One year ago, Madonna squatted in the rust-colored dirt of a sprawling empty lot outside Lilongwe, the capital of Malawi, one of the poorest countries in the world. With curious villagers and invited photographers crowding around, she laid the ceremonial first brick for a planned $15 million girls’ academy, a noble mission in a nation where only 27 percent of girls attend secondary school. In a blog post on the website of her Raising Malawi foundation, she wrote that the brick, inscribed with the words “Dare to Dream,” was “not just the bedrock to a school—it is a foundation for our shared future.”

Last week it was announced that the future would not be built. Despite the fundraising success of Raising Malawi, which collected a reported $18 million in donations and spent $3.8 million on the planned academy, the girls’ school has been abandoned and the Raising Malawi foundation has imploded.

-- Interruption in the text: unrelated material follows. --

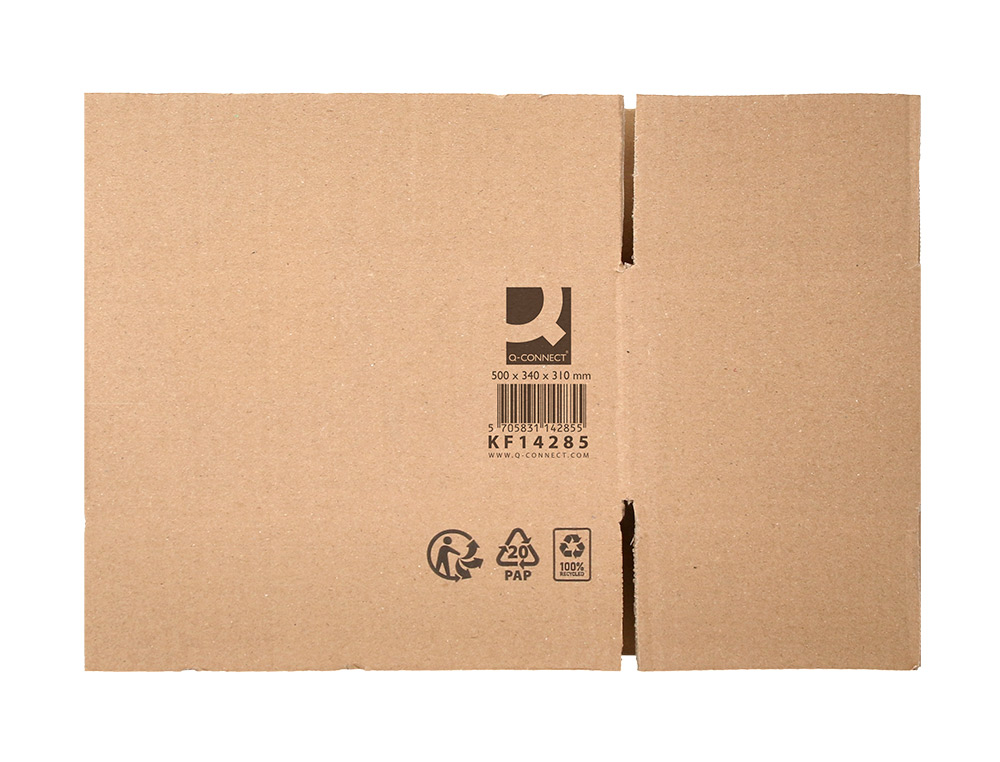 CAIXA PARA EMBALAR Q-CONNECT AMERICANA ULTRA RESISTENTE CARTAO CANAL DUPLO 7 MM COR KRAFT 500X340X310 MM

From its inception in 2006, the pop superstar has been the face of Raising Malawi, generating headlines around the world by adopting two Malawian children, writing and producing a documentary about Malawian orphans, and hosting high-profile fundraisers, including a star-studded event in 2008 co-hosted by Gucci in a 42,000-square-foot transparent tent on the north lawn of United Nations headquarters. “I want credibility as a philanthropic organization,” Madonna told the $2,500-a-plate crowd.

To understand what went wrong, one has to look at Madonna’s partner in the foundation, a mysterious and controversial organization called the Kabbalah Centre International, which is now a focus of federal investigators. The center is a Jewish mystical organization that follows a set of esoteric teachings called Kabbalah, which adherents believe explains the relationship between humans and their creator and our true purpose in the universe. Madonna has said that she turned to Kabbalah in 1996 when she was pregnant, exhausted from Evita, and looking for an anchor. Since then she has reportedly donated at least $18 million of her personal fortune to the Kabbalah Centre.

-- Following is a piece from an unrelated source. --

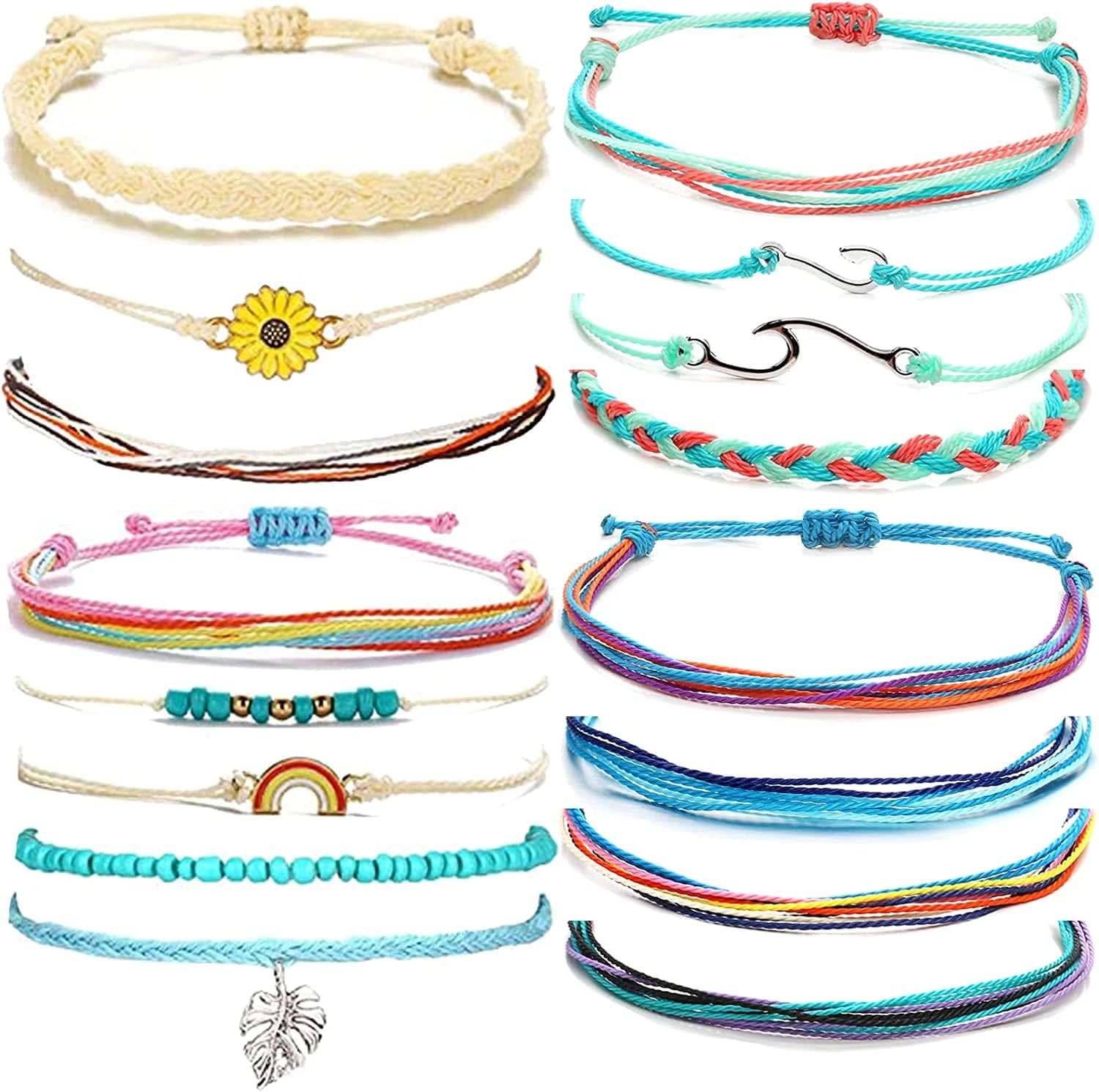 YANCHUN String Bracelets for Teen Girls Boho Breach Bracelet for Women Surfer Waterproof Anklet Friendship Bracelets for Men Apparel & Accessories > Jewelry > Bracelets YANCHUN D1:string ankle bracelets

The center was founded by Philip Berg, a Brooklyn-born New York Life insurance agent whose first wife happened to be the niece of a famous Kabbalist, Rabbi Yehuda Brandwein. Berg sired eight children with her, but soon after the rabbi’s death in 1969 he left his wife for his former secretary, Karen. Two years later they launched their own idiosyncratic brand of Kabbalism, popularizing what had until then been teachings reserved for advanced Talmudic scholars. The Bergs eventually expanded to 77 centers and study groups around the world.

The Kabbalah Centre’s impressive growth has been paralleled by the volume of its detractors, some of whom have labeled it “Jewish Scientology.” Disaffected followers have accused Berg and his family of treating congregants like personal servants, housing them four to a bedroom, paying them a $35-a-month stipend, and advising them to apply for food stamps. One prominent critic, Rabbi Immanuel Schochet, has said, “They are distorting Kabbalah .?.?. taking some of our sacred books and reducing it to mumbo-jumbo, all kinds of hocus-pocus.”

Berg, who is now 81 and referred to by insiders as “the Rav” (an honorific meaning teacher), is still very much the patriarch of the Kabbalah Centre, despite a stroke in 2004. But day-to-day operations are controlled by his wife, Karen, 68, and their two sons, Michael, 37, and Yehuda, 38, all of whom share the title of codirector.